The Act 1956 is a special law. The usage of the term “subject to” found in Section 3G(6) indicates the overriding effect of the Act 1956 on the provisions of the Act 1996.

It is a well-settled principle that the Special law prevails over the general law inasmuch as the Act 1956 prevails over the Act 1996.

The respondent cannot invoke Section 11(6) of the Act 1996 and dismissed the order of the High Court of Calcutta.

Now a question may arise in the mind of readers as follows:

Perhaps, in the future, as like this, the authority vested with powers of appointing the arbitrator under any Special Law fails to do so, then what would be the remedy to the aggrieved party since the present judgment has shut the avenue for invoking Section 11(6) of the Act 1996?

There is a proverb that says when one door closes, another opens.
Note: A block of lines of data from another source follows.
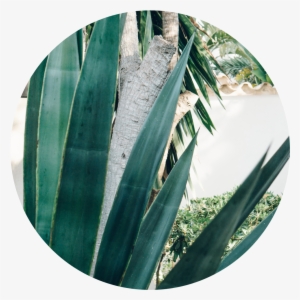 Circle5 - Photography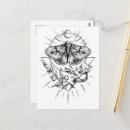 Search for moths postcards Beautiful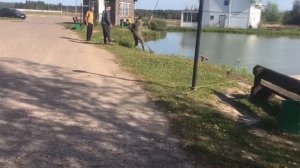 поимка на малом водоёме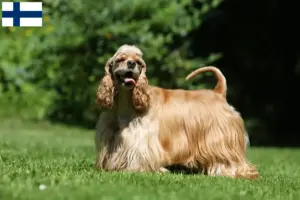 Lees meer over het artikel Amerikaanse Cocker Spaniel fokkers en pups in Finland
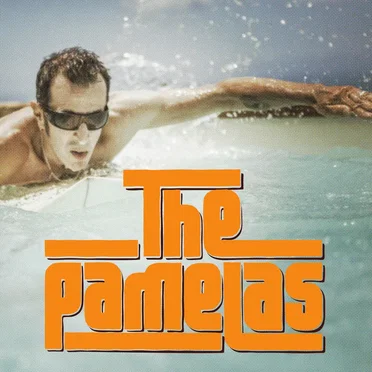The Pamelas by Pamela & the Andersons - album cover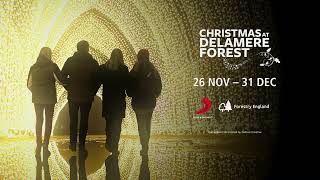 Christmas at Delamere Forest 2021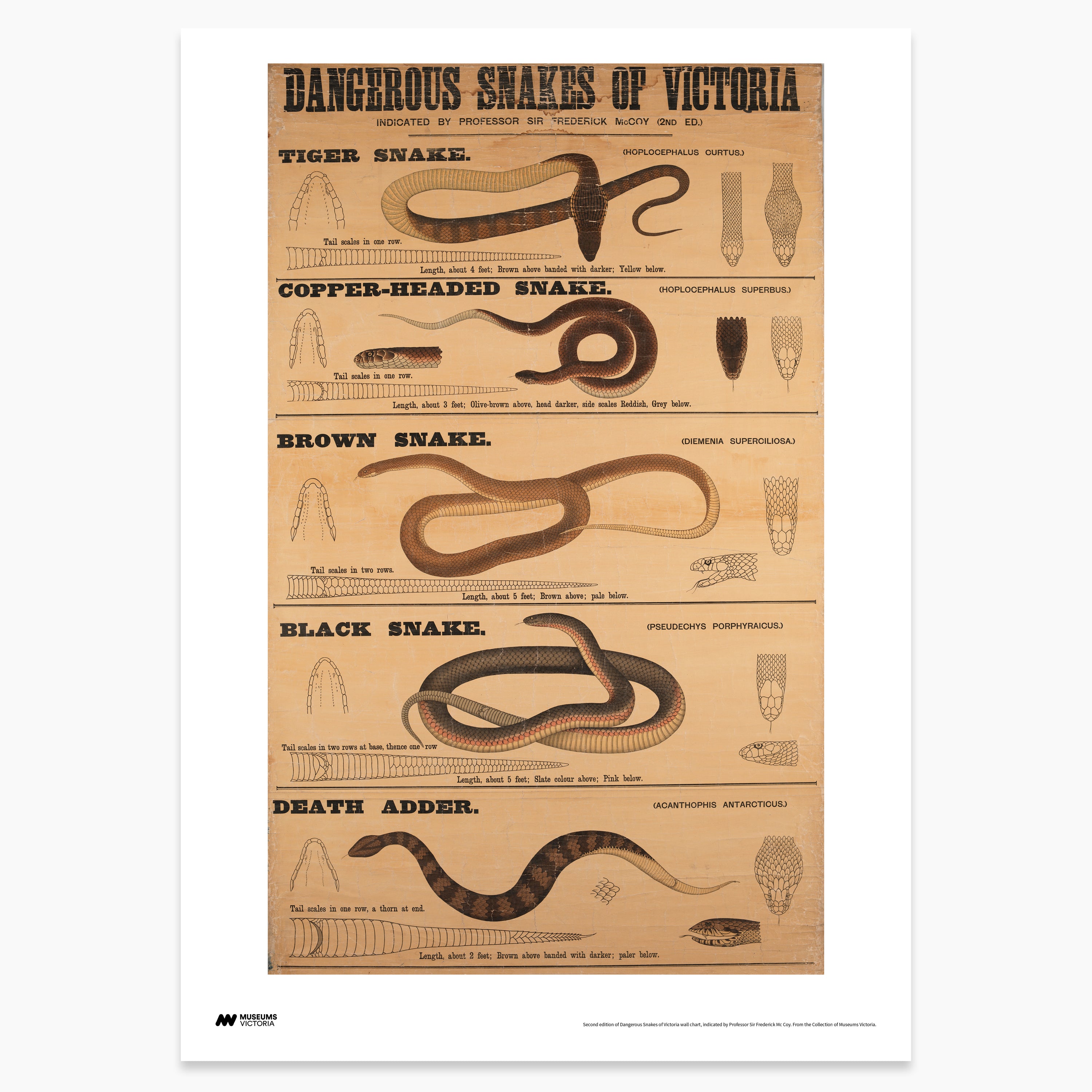 Dangerous Snakes of Victoria Print - A2 – Museums Victoria Store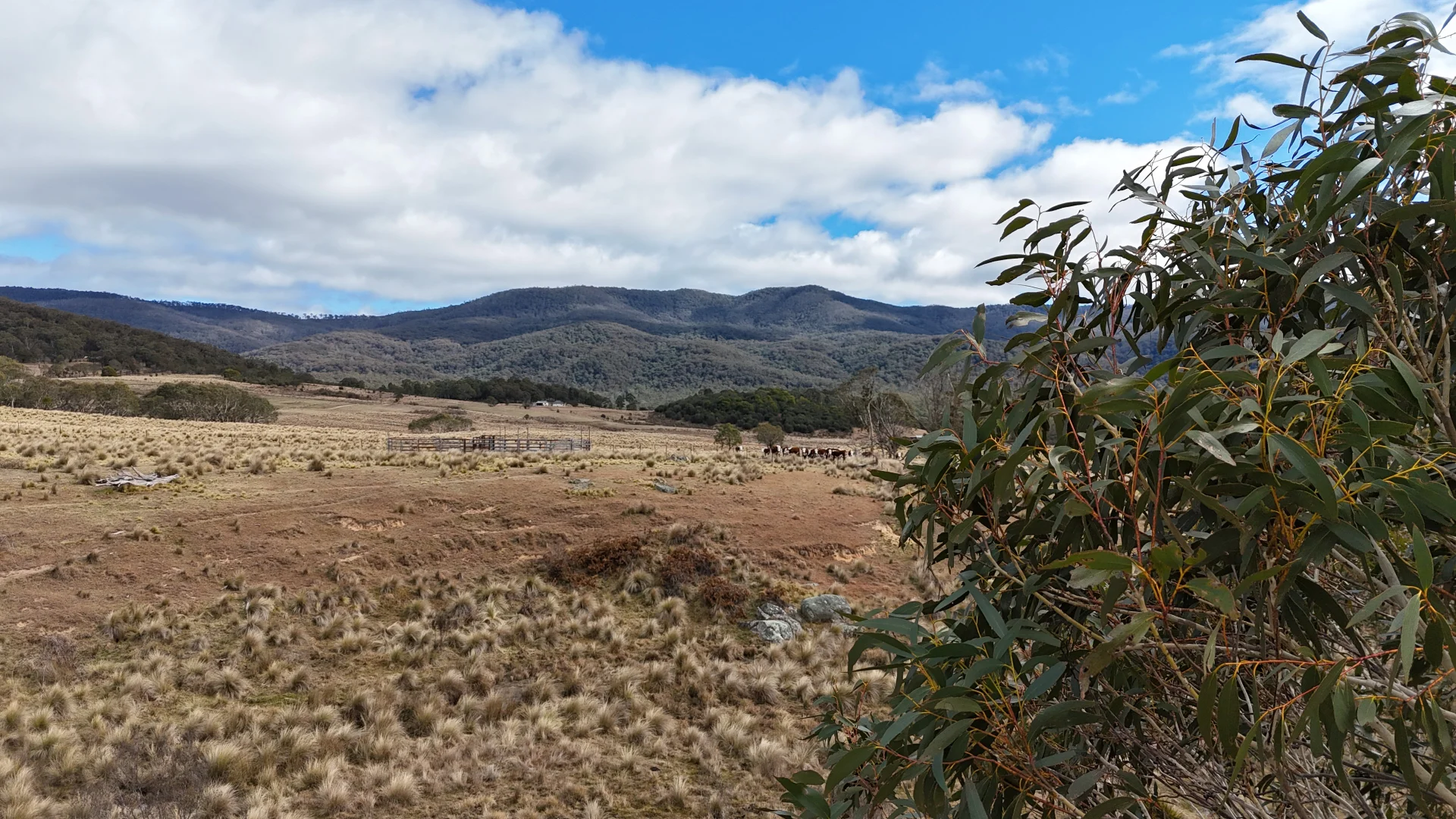 Additional image 5 of 102 Kain Cross Road, Braidwood NSW 2622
Similarly, the Hon’ble apex court has rendered a solution in the very same case that the aggrieved party may knock the door of Hon’ble High Court under Article 226 or he can file a suit for the purpose

Hence in the light of the above case, we can conclude this part that the hands of Section 11(6) is not wide enough to embrace all and it has to stretch it within the allowed ambit.

Conclusion

The legislation enacts some special laws for the accomplishment of certain tasks for the welfare of the State. Hence it gives an overriding effect to such Special Acts to gear up the process as well as to attain the intended purpose. Doing so, whenever it gets stuck, the Judiciary by its interpretation lifts the clog and makes it move. In this case, Hon’ble Apex court, in line with the legal maxim “Generalibus special derogant”; special things derogate from general things emerged, has thrown light on the issue and rightly settled the matter.